• WHAT TO DO:
From the line with "AI-generated supporting image" to the line with "طارة لكزس 400", retype each line exactly as it stands in the records below, but skip the pictures.

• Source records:

"""

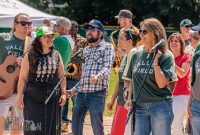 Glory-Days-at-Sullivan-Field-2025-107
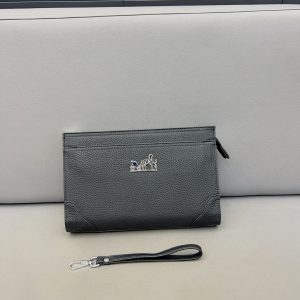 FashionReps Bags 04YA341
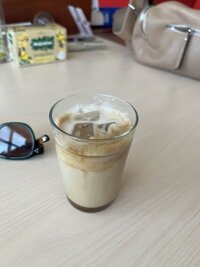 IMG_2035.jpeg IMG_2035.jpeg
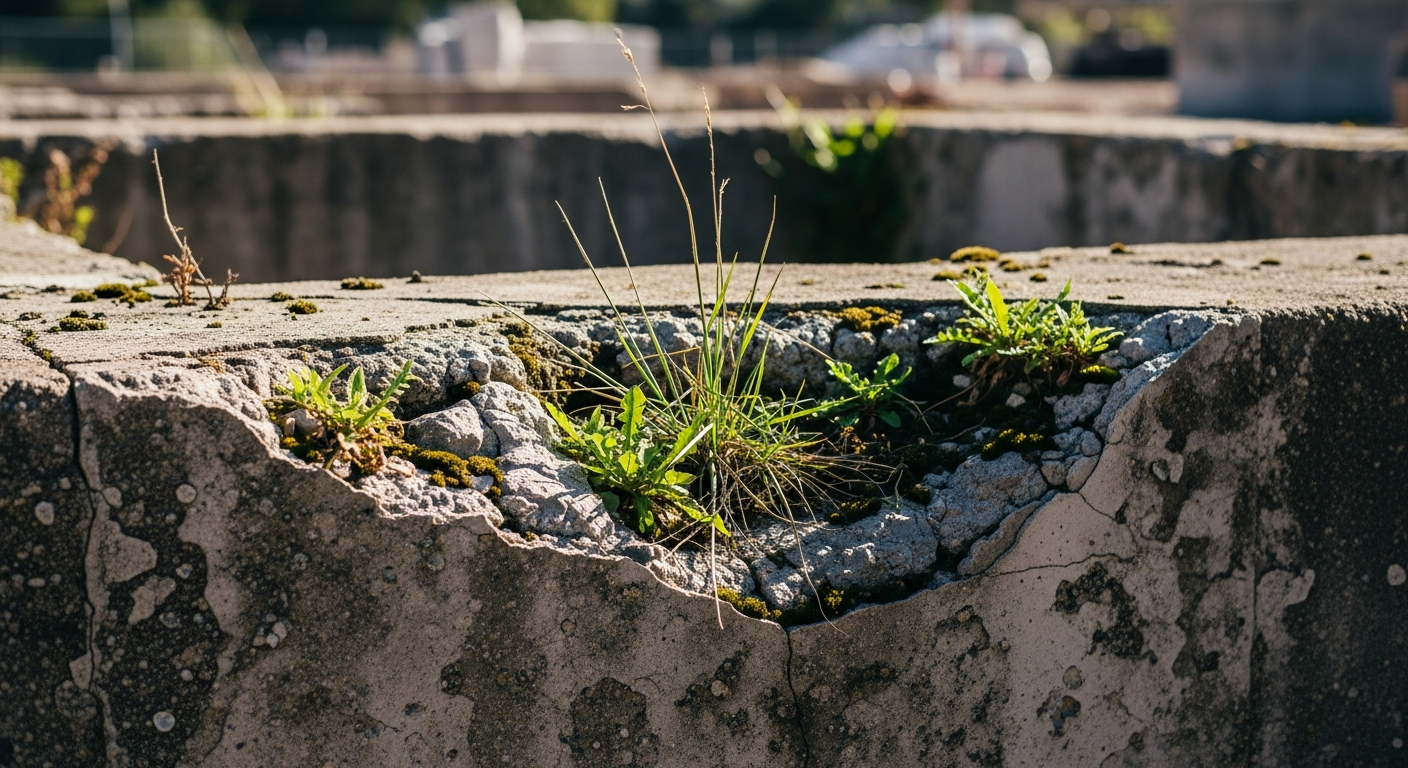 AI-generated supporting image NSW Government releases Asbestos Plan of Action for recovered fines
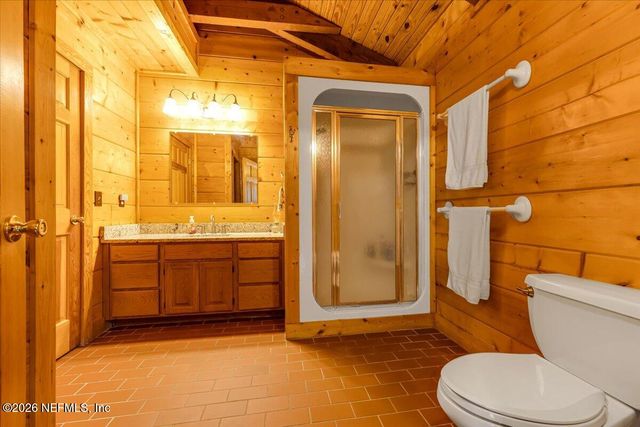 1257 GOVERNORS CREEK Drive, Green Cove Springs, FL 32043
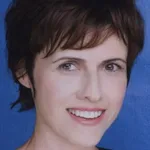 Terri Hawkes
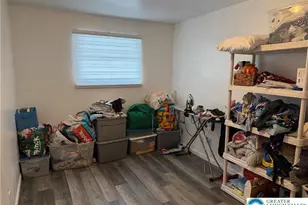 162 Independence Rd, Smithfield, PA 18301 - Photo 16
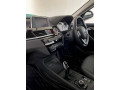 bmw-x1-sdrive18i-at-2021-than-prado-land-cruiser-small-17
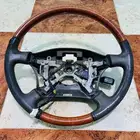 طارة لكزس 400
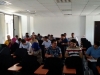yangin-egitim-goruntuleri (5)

"""

• RESPONSE FOR THIS EXERCISE:
 AI-generated supporting image NSW Government releases Asbestos Plan of Action for recovered fines
 1257 GOVERNORS CREEK Drive, Green Cove Springs, FL 32043
 Terri Hawkes
 162 Independence Rd, Smithfield, PA 18301 - Photo 16
 bmw-x1-sdrive18i-at-2021-than-prado-land-cruiser-small-17
 طارة لكزس 400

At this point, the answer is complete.